The U.S. Defense Advanced Research Projects Agency (DARPA) has awarded contracts to CACI International and Perspecta Labs for the Wideband Secure and Protected Emitter and Receiver (WiSPER) project. WiSPER will develop secure radio frequency (RF) transmitter and receiver technologies to enable the next generation of secure military tactical radio systems.

Current radio security uses spread-spectrum techniques where transmitted content is spread out over time and operating frequency in attempts to reduce transmitted power density and operate below the adversary’s receiver detection limit. These techniques, however, lack sufficient complexity to evade detection by modern signals intelligence (SIGINT) receivers or interception by compromised devices, leaving them vulnerable to hypersensitive and collaborative receivers. These receivers override spread-spectrum transmissions  by reducing uncorrelated noise or by using multi-receiver networks that coherently recombine power to detect the transmitter.

The military has attempted to overcome these detection problems by using chaotic waveforms that reduce cyclic features – but these only provide marginal reduction of detectability. Directional beams and reconstruction of coherent scattered signals have also been used, but are impractical for today’s tactical radios.

Thus, the WiSPER program seeks to develop disruptive wireless air interface transceiver technology to enable and sustain secure high-bandwidth RF communication links. The WiSPER wideband adaptive air interface would also mitigate impairment from dynamic harsh and contested environments to maintain a stable communication link.

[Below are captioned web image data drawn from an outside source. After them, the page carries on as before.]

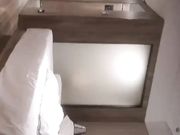 胖男老哥约了个白衣丰满少妇，穿上黑丝抠逼调情骑乘猛操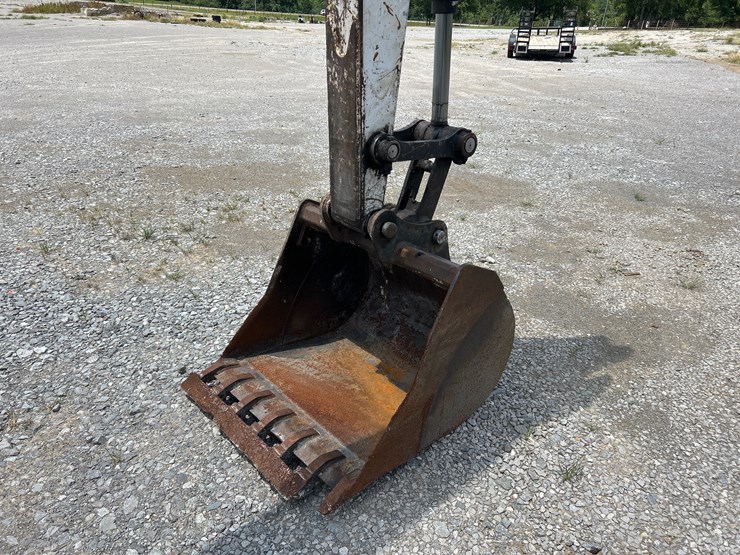 2017-bobcat-e85-image-14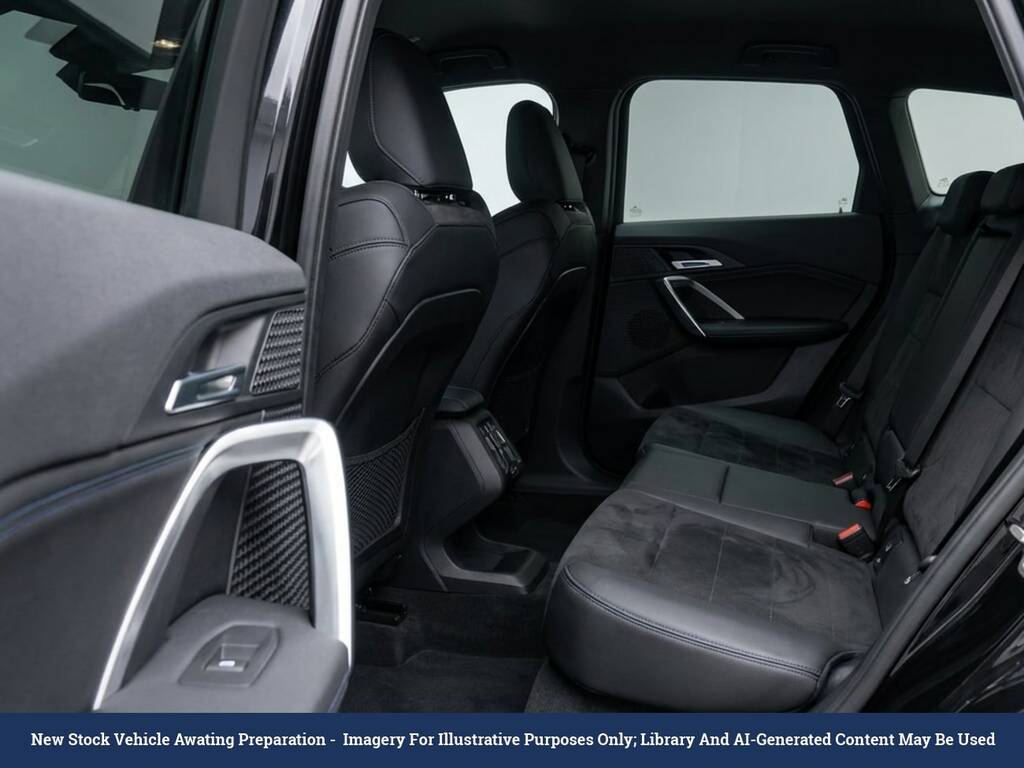 BMW iX1 30 66.5Kwh M Sport Suv Xdrive 1 Black #3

The two initial contracts are for the project’s  18-month first phase, which involves carrying the WiSPER system architecture through a conceptual design supported by modeling and simulation, ending in a benchtop implementation and lab test. Overall, WiSPER will be a four-year, three-phase program with the 18-month second phase focusing on design improvement and ending in a transportable implementation and field test; and a year-long third phase to further optimize the air interface to demonstrate adaptation to weather and other impairments in a portable prototype implementation.